PolskaMaciej Giertych: wyborcy mają dość obecnego układu politycznego

Maciej Giertych: wyborcy mają dość obecnego układu politycznego

Mam wrażenie, że wyborcy mają już serdecznie dosyć tego układu, który mamy przez ostatnie kilkanaście lat. To pragnienie zmiany jest ogromne. My (LPR) się wywodzimy ze środowiska narodowego, myślącego kategoriami interesu narodu i państwa polskiego jako podstawowe kryterium myślenia we wszelkich działaniach – przekonuje w Polskim Radiu prof. Maciej Giertych, kandydat Ligi Polskich Rodzin na prezydenta Polski.

27.07.2005 11:21

”Sygnały Dnia”: Panie profesorze, czy wczoraj politycy ulegli górnikom? Takie pana zdanie jest także, jak wielu obserwatorów tego, co wydarzyło się wczoraj w Warszawie?

Prof. Maciej Giertych: Znaczy na pewno uległ pan marszałek Cimoszewicz. Czy ta wczorajsza impreza będzie z pożytkiem dla górników, to w tej chwili można mieć wątpliwości. W każdym razie obietnice robione na sam koniec kadencji zwykle są tak trochę bardziej kiełbasą wyborczą, niż realną jakąś próbą znalezienia właściwego rozwiązania.

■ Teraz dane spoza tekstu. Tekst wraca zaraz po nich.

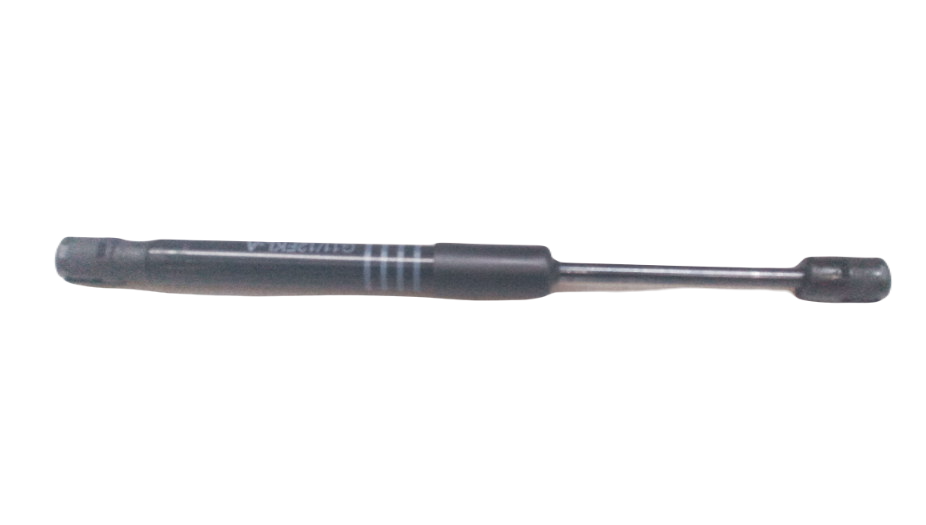 Amortiguador de capó delantero OEM 51237347403 para BMW F90, F90N, G30, G30N, G31, G31N, G38, G38N, G11, G11N, G12, G12N. Original BMW.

”Sygnały Dnia”: A czy nie jest tak, że szkodliwe uchwalanie ustawy odrębnej, w tym przypadku górniczej, w końcu mamy jeszcze dziesiątki, jeśli nie setki zawodów i jeśli tak każdy chciałby osobnej dla siebie ustawy emerytalnej, to dokąd byśmy doszli?

Prof. Maciej Giertych: Jest wiele problemów z tym związanych niewątpliwie.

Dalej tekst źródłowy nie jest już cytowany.